After the Second World War , Professor Friedrich Sass , professor of diesel engines at the Technical University of Berlin, the director of the Beuth School, Charles Bouché and engineer Alois Leitner were won over as the editor for the eleventh edition . Several specialist areas (similarity mechanics , gas dynamics , gas generators and refrigeration technology ) were newly introduced, while retaining the structures introduced by Heinrich Dubbel. The eleventh edition, published in 1953 (a “second corrected reprint of the eleventh completely revised edition” appeared in 1956), and the twelfth edition of 1961 were the most successful with 160,000 copies each in several reprints. Professor Egon Martyrer co-edited the 13th edition . In this edition, the SI system of units was introduced in anticipation of the outstanding unit law. With the 14th edition, which appeared in 1981, more extensive expansions were made, the format changed and the name “Taschenbuch” is now only based on tradition, the 23rd edition comprises 1938 pages.
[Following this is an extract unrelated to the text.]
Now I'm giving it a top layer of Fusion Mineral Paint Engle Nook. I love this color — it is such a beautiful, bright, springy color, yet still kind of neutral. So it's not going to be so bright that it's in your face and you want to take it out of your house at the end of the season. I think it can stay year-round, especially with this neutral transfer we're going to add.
From then on, the editors were Professor Wolfgang Beitz (1935–1998) from the Technical University of Berlin and Professor Karl-Heinz Küttner from the Technical University of Applied Sciences Berlin . The 17th edition brought another expansion to include the fields of process engineering , electronics and robots . The 18th edition appeared in 1995, the 19th two years later with a revision or revision of the subjects of refrigeration technology, piston machines , automotive technology , electronic data processing . The Dubbel has been published by Karl-Heinrich Grote and Jörg Feldhusen since 2006 . In 2018 the 25th edition, edited by Karl-Heinrich Grote, Beate Bender and Dietmar Göhlich, appeared as the last one to date, as a book and at the same time as an e-book and a so-called smart book .
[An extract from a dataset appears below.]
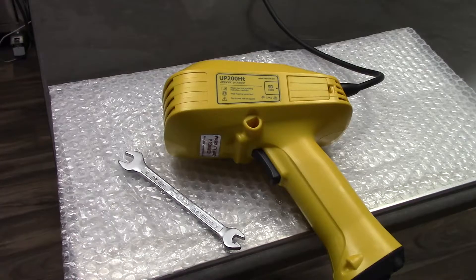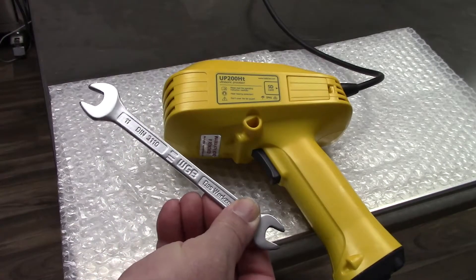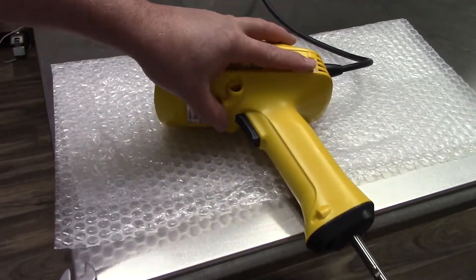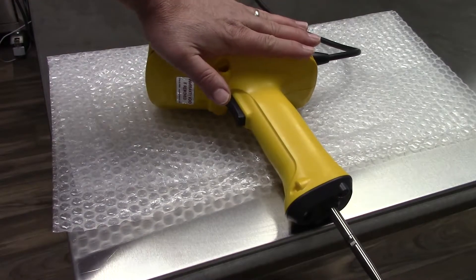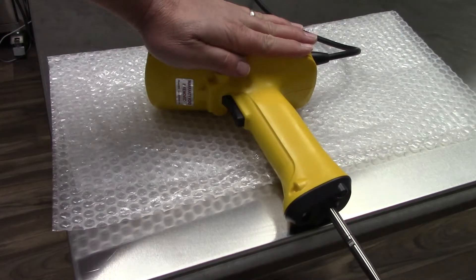Let's begin. Using the wrench that was supplied in the case upon your purchase, I'm going to apply force with my left hand at the top of the unit, going across the unit.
year Edition Revision content Copies
1914 1. - -
1961 12. - 160,000
1997 19th Refrigeration technology , piston machines , automotive technology , electronic data processing -
2005 21st - -
2007 22nd - -
2011 23. - -
2014 24. Chapter medical technology and MDesign formula collection added -
2018 25th Chapter Basics of Product Development and Biomedical Engineering added -

Basics of product development expanded and supplemented by tolerance management and the development of variant products.
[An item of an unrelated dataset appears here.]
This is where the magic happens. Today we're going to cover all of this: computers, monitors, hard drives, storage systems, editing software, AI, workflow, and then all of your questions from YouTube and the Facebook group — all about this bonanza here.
The energy technology chapter has been completely revised, the materials technology and machine dynamics chapters have been restructured and revised, and the chapter from 1914 to 1994 around 920,000 copies of the mechanical engineering paperback were sold, 185,000 of them in the editions edited by Heinrich Dubbel.

distribution

The paperback for mechanical engineering enjoyed international popularity early on. As early as the 1920s, Springer-Verlag published its first Russian translation, which was followed by another, unauthorized one. Licenses for Greek , Italian , Yugoslav, Portuguese , Spanish and Czech editions could be issued after the Second World War. The 14th edition appeared in an Italian edition in 1984, a Chinese translation in 1991 and an English translation in 1994 .

literature

Individual evidence

  1. DUBBEL - paperback for mechanical engineering. (No longer available online.) Beuth Verlag, archived from the original on May 8, 2012 ; Retrieved on August 19, 2012 : "Whether you are studying or in the company: DUBBEL is the standard work for mechanical engineering." Info: The archive link has been inserted automatically and has not yet been checked. Please check the original and archive link according to the instructions and then remove this notice. @1@ 2Template: Webachiv / IABot / www.beuth.de
  2. DUBBEL paperback for mechanical engineering. LBS ZL 2550 D813. In: Textbook collection of mechanical engineering. TU Darmstadt , accessed on August 19, 2012 .
  3. ^ Title page of the aforementioned reprint from 1956
  4. DNB 979258693 for the 21st edition.